Appeals Court Resurrects Fed’s Debit Card Swipe Fee Limits
Back in 2010, the Dodd-Frank financial reforms passed by Congress directed the Federal Reserve to set swipe fees at a level that represented the actual costs of processing transactions. At the time, the average fee was around $.44 per swipe. The Fed’s initial proposal slashed that to only $.12 per transaction, causing banks to cry poverty and scream bloody murder about how they’d have to sell their children to afford the mortgages on their second vacation homes.
And so the Fed’s final compromise put a ceiling of $.21 on swipe fees, causing retailers to cry poverty, et cetera, et cetera.
That limit went into effect in the fall of 2011, prompting a lawsuit from the National Retail Federation and others who claimed that the Fed had failed to follow the directions set forth in the financial reform legislation.

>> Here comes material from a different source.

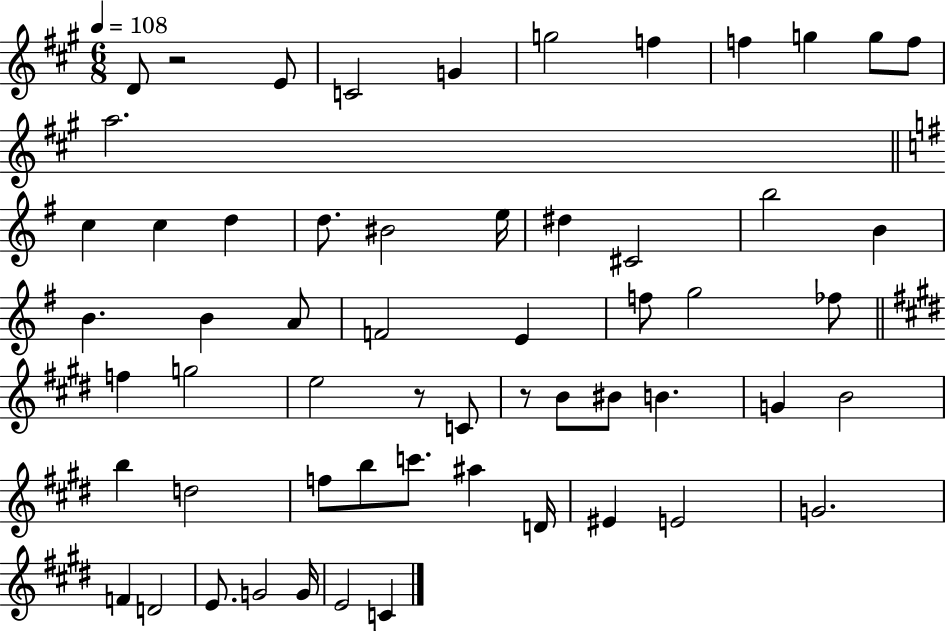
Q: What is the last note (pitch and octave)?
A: C4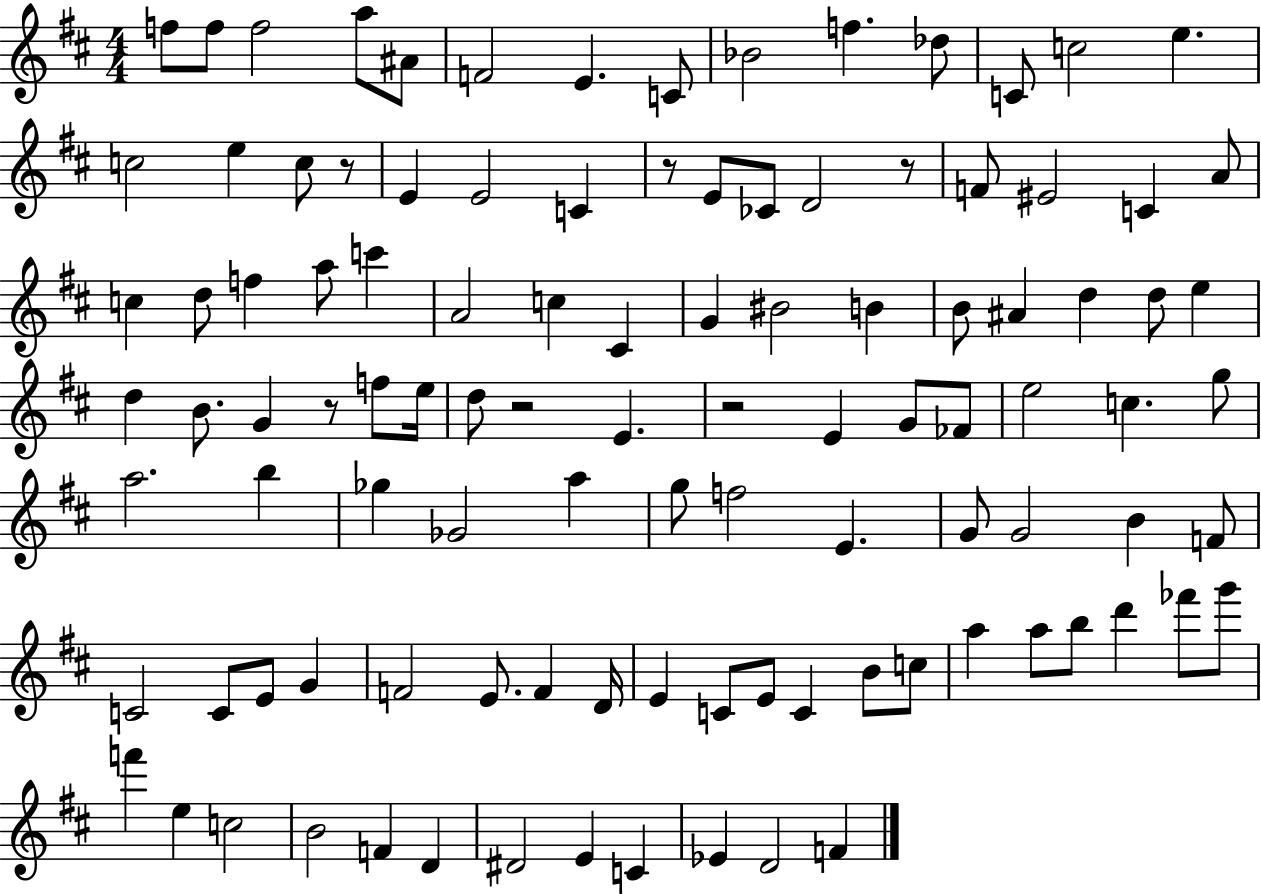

Last July, a U.S. District Court judge in Washington, D.C., sided with the retailers and struck down the Fed’s limits, saying it had “clearly disregarded Congress’s statutory intent by inappropriately inflating all debit card transaction fees by billions of dollars and failing to provide merchants with multiple unaffiliated networks for each debit card transaction.”
The cap remained in place while the Fed appealed this ruling, and today the U.S. Court of Appeals for the District of Columbia issued a ruling [PDF] that came down on the Federal Reserve Board of Governor’s side.
In its ruling, the court finds that the Fed performed the task it was given by lawmakers, and that the limits set in 2011 are “reasonable.”
“Congress directed the Board to issue rules that would accomplish a particular objective, leaving it to the Board to decide how best to do so, and the Board’s rule seems to comply perfectly with Congress’s command,” reads the ruling.